We’re getting ourselves university qualified, with 25 to 29 year olds now far out-pacing men when it comes to having a bachelor degree or higher.
The market for women’s leadership and development continues to grow, with online options now providing even more opportunities for women to work on their ‘merit’.
But for the most part women aren’t managing teams, at least not in the paid workforce when compared to men.
The latest ABS stats on the management capabilities of Australian businesses tell the rather depressing story.
Eighty per cent of businesses reported having a male principal manager, meaning just one in five are managed by women. In construction (the worst performer on gender) just one in 20 such positions are held by women.

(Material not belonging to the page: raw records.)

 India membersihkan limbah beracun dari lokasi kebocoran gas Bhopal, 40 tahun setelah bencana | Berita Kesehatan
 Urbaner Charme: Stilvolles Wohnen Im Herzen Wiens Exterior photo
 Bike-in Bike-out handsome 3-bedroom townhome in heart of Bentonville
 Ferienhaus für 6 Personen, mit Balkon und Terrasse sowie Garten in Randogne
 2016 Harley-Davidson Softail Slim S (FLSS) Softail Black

In businesses with more than 200 people, just 12 per cent of principal manager positions are held by women. Women make up a quarter of principal managers in businesses with between five and 19 people.
Women couldn’t even crack the 50/50 mark in the female-dominated healthcare and social assistance industry, which recorded 44 per cent of businesses having a female principal manager.

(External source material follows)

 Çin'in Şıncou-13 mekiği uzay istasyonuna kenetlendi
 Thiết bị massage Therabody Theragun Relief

So what does a manager look like today in 2017? Probably still a bloke in his fifties, with 30 per cent of principal managers reportedly being 50 to 59. Or maybe in his 60s, with 19 per cent of managers being more than 60 years old.
Millennial managers are still difficult to spot, with these figures revealing just 5 per cent of principal managers are younger than 30 years old.

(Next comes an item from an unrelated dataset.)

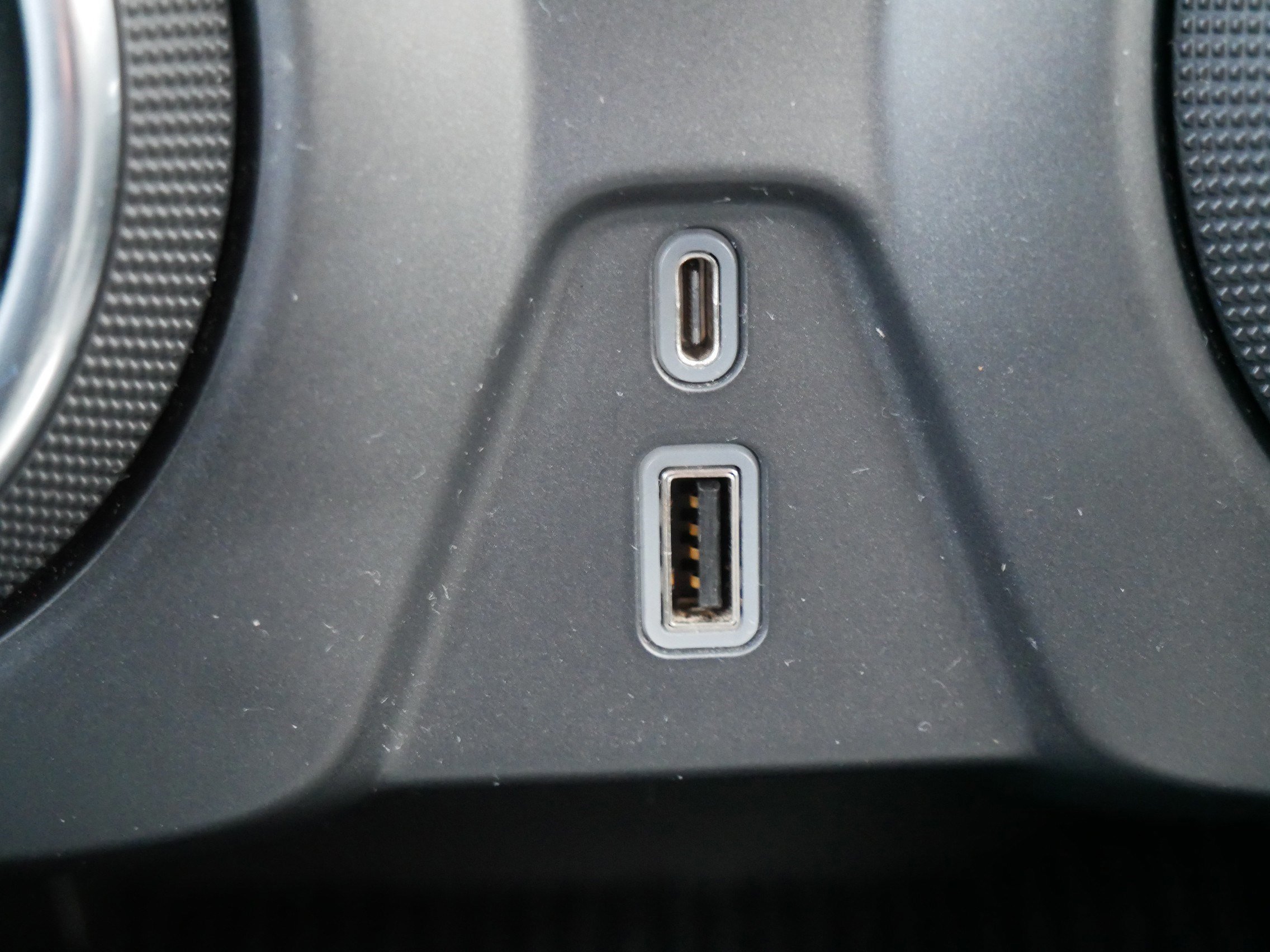 Used 2019 Chevrolet Blazer LT w/ Sun and Wheels Package image 33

And while we got those university qualifications, it seems a degree is not necessarily a path to management, with just 34 per cent of businesses reporting their principal manager had completed a bachelor degree or higher.
We often look at the percentage of women on the boards of ASX 200 companies when offering a snapshot of progress on women in leadership, currently at 25.4 per cent.
But that figure really only tells a tiny part of the story. Progress for women in management more generally is difficult to track, but it’s something more organisations clearly need to better address.
And that may mean going deeper than another mentoring or training program for its female employees.